Scheme 1 (A) Preparation process of Fe₃O₄@SiO₂, (B) preparation process of Au–Pt NPs, (C) process of detecting real serum samples using the SERS sensor.

2. Experiments and methods

2.1. Material and reagents

Chloroauric acid (HAuCl₄), chloroplatinic acid hexahydrate (H₂PtCl₆·6H₂O), ferric chloride hexahydrate (FeCl₃·6H₂O), hydrogen peroxide (H₂O₂), anhydrous ethanol, polydimethylsiloxane (PDMS), fetal bovine serum (FBS), and phosphate buffer solution (PBS) were purchased from China National Pharmaceutical Group Chemical Reagent Co., Ltd. Tetraethyl orthosilicate (TEOS), sodium citrate (TSC), ascorbic acid (AA), trichloroethyl phosphate (TCEP), 3,3′,5,5′-tetramethylbenzidine (TMB), and ammonia water (NH₃·H₂O) were purchased from Aladdin Biochemical Technology Co., Ltd.
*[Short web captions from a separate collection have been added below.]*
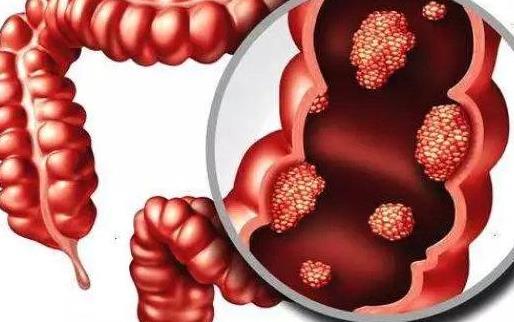 結腸炎和潰瘍性結腸炎有哪些區別?為什么會患潰瘍性結腸炎?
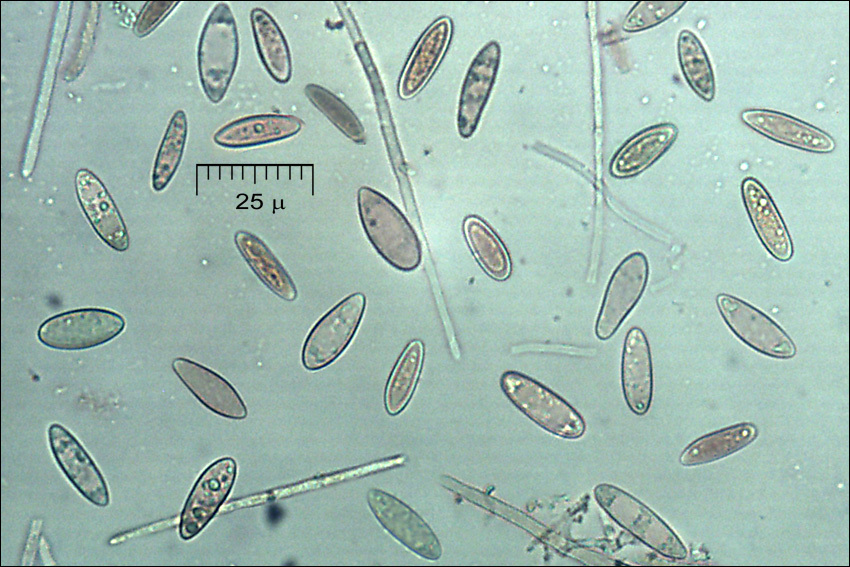 Image of Lachnellula occidentalis (G. G. Hahn & Ayers) Dharne 1965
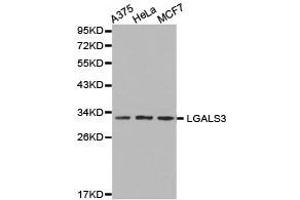 Western Blotting (WB) image for anti-Galectin 3 (LGALS3) antibody (ABIN1873541) (Galectin 3 antibody)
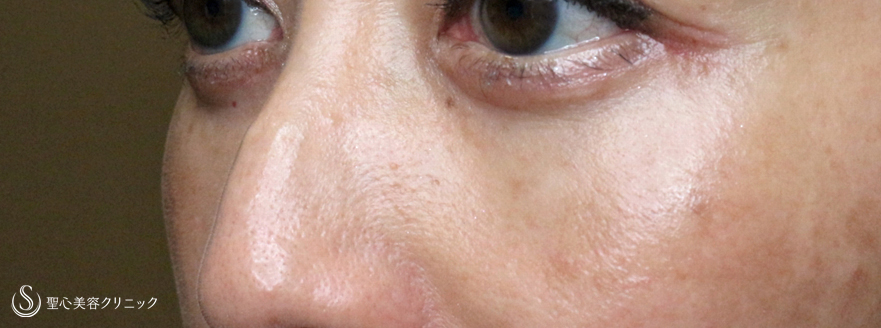 【50代女性・目の下だけで驚きの若返り効果】表ハムラ+α法「Ver.3」単独例（2ヶ月後） After 
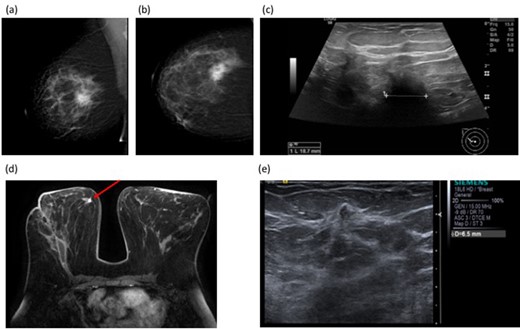 51-year-old female with a symptomatic right breast mass. Mammogram (BI-RADS b, scattered fibroglandular density) showed a 35 mm spiculate mass in the right upper outer quadrant Figure 3a and (b (Figure 2a and b), measuring up to 19 mm on ultrasound (Figure 2c) Figure 3c 14G core biopsy confirmed Grade 2 invasive NST. BCS was performed and histology showed a 60 mm Grade 3 NST with adjacent satellite nodules. The discrepancy in size between imaging and histology prompted post-operative breast MRI which demonstrated a 9 mm irregular enhancing mass in the right medial breast, distant from the site of surgery Figure 3d(Figure 3d). Second look ultrasound showed a corresponding 7 mm ill-defined mass in the medial right breast (Figure 3e). Figure 3e Core needle biopsy showed high-grade DCIS, and the patient proceeded to completion mastectomy. Final histology confirmed high-grade DCIS measuring 14 mm without invasive malignancy. BCS, breast conserving surgery;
The Real-time Quantitative Polynucleotide Chain Reaction (qRT-PCR) kit was purchased from Jidan Biotechnology Co., Ltd. The nucleotide chains required for the experiment were provided by Shenggong Biotechnology (Shanghai) Co., Ltd (Table 1). The experimental water used is deionized water (18.2 MΩ cm).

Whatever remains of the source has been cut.